Sarah Buxton and Beth Armitage recently appeared in the case of A County Council v PS & Anor [2026] EWFC 68, a care case listed for a final hearing over four days involving the application by the Local Authority (represented by Ms Buxton) to place the child ‘CS’ (who was in foster care) away from his mother’s care (the mother represented by Ms Armitage).
This case involved lengthy cross-examination of various professionals involved in the case primarily on the issue of placement, both whether CS could be placed in his mother’s care and fundamentally whether, in the alternative, he should be placed with his maternal grandmother – something that was strongly opposed by the mother given the allegations the mother raised against her.
The case involved a background of previous proceedings involving the mother’s older child who was removed and placed with her father, the court commented that the concerns echoed that of the previous proceedings and included concerns of: ‘mother’s poor home conditions, her poor mental health, violent outbursts, complaints from neighbours of screaming and shouting, and risk of eviction’.
The court acknowledged the work the mother was seeking to undertake and the improvements she told the court she was making to address the concerns raised. The court however concluded that the mother ‘has suffered a great deal of trauma… which now requires work. Given the minimal engagement with mental health services over a period of many years…there seems little doubt that the mother has long-standing and unmet needs. In turn, the child would be at risk of emotional harm in her care, not least from his exposure to the conflicts and physical altercations that seem to surround the mother and her interactions with friends and family.’
One of the primary discussions in the court’s judgment was the alternative issue of placement, the mother having made serious concerning allegations against the maternal grandmother and relying upon this as her basis for opposing the proposed placement which was supported by the professionals in the case. There had been a previous decision not to embark upon a fact finding hearing on those issues. The court concluded that it could place weight on the assessments of the professionals in the case having considered the evidence before it, including the cross-examination of the social worker who assessed the grandmother, the court further concluded that finalising under a Care Order would enable ongoing scrutiny and professional oversight.
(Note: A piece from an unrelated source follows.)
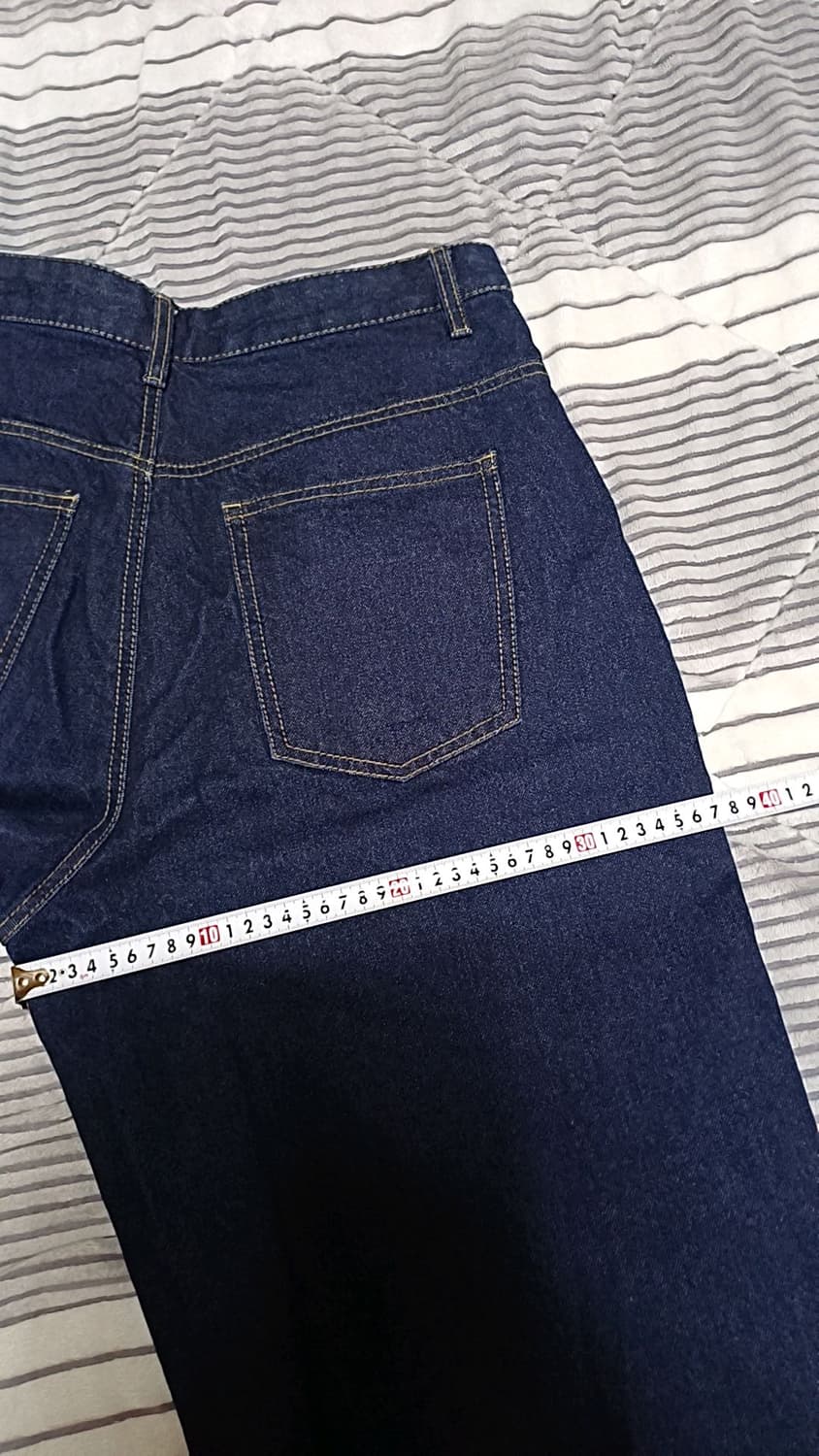 토피 와이드청바지 32인치 기장101 상품이미지7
This case was a clear example of why it is necessary to ensure adequate time estimates are provided for final hearings (it having been mooted at an earlier hearing that the matter could be dealt with in lesser time) in light of a parent’s vulnerabilities. The mother in this case had a range of vulnerabilities including being both neurodiverse and struggling with complex, longstanding mental health needs, as a result; participation directions were agreed and implemented for the duration of the hearing. This case is a prime example of where both the court and advocates worked collectively to ensure that the participation directions were not only complied with but were kept under active review throughout the hearing. It is also an example of a case where the importance of a parent feeling heard and having the opportunity to give oral evidence cannot be underestimated with the court commenting that ‘In the end, however, the mother was very clear that she wished to give evidence and I got the clear sense she felt a duty to do so for her son.’